# Core concepts
bloccs is a typed, declarative IR for **Agentic Computation Graphs (ACGs)**. You
describe a workflow as TOML manifests; bloccs validates them and compiles them
into a Broadway supervision tree on the BEAM. This page defines the vocabulary —
read it once and the rest of the docs will make sense.
The two artifacts you write are **node manifests** and **network manifests**.
Everything else is something those manifests refer to.

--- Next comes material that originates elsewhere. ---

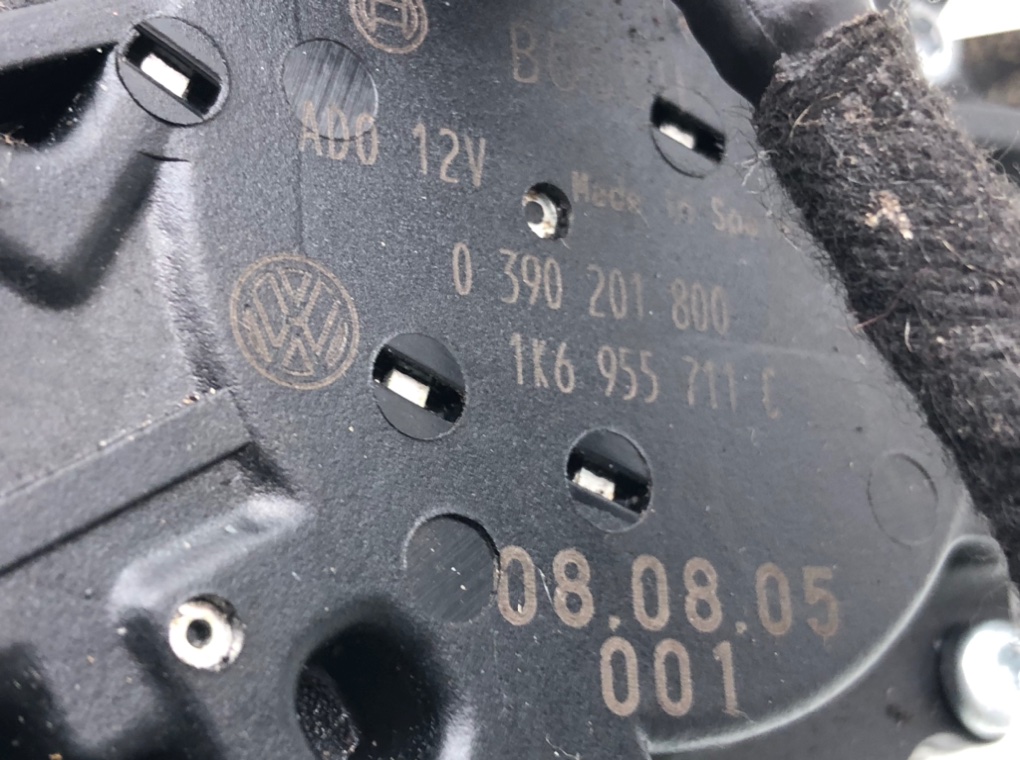 Моторчик заднего стеклоочистителя (дворника) для Volkswagen Golf, 2008 г. 1.4 TSI бензин б/у — фото 5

Each primitive a node can be has a glyph in the bloccs notation — a node that
declares an effect carries a badge, so "touches the outside world" is visible at
a glance:

The [primitives reference](primitives.md) catalogues each one — what it does and
how to declare it.
## Manifest
A **manifest** is a TOML file. It is the *source of truth* — not a config file
that decorates code, but the canonical description of the thing. A future canvas
would be a view onto the manifest; the file is always authoritative.
Two kinds:
- A **node manifest** (`.bloccs`, one node per file) describes a single unit of
work: its ports, the effects it may perform, and the functions that implement
it.
- A **network manifest** describes topology: which nodes participate, how their
ports are wired, how they're supervised, and how much concurrency each gets.
## Node
A **node** is the unit of computation — one step in the graph. Each node has a
`kind`:
| kind | meaning |
|---|---|
| `source` | originates messages (an ingress point) |
| `transform` | the common case: takes input, emits output |
| `router` | fans a message out to different ports by content |
| `sink` | terminal; consumes without emitting |
A node manifest pairs with **one implementation module** that does
`use Bloccs.Node, manifest: "path/to/node.bloccs"`. That macro reads and
validates the manifest *at compile time* — a bad manifest is a `CompileError`,
not a runtime surprise.
## Port
A **port** is a named, typed connection point on a node. Ports are directional:
- **In-ports** (`[ports.in]`) receive messages. An in-port may declare a
`buffer` — the bound on its producer's mailbox (see *back-pressure* below).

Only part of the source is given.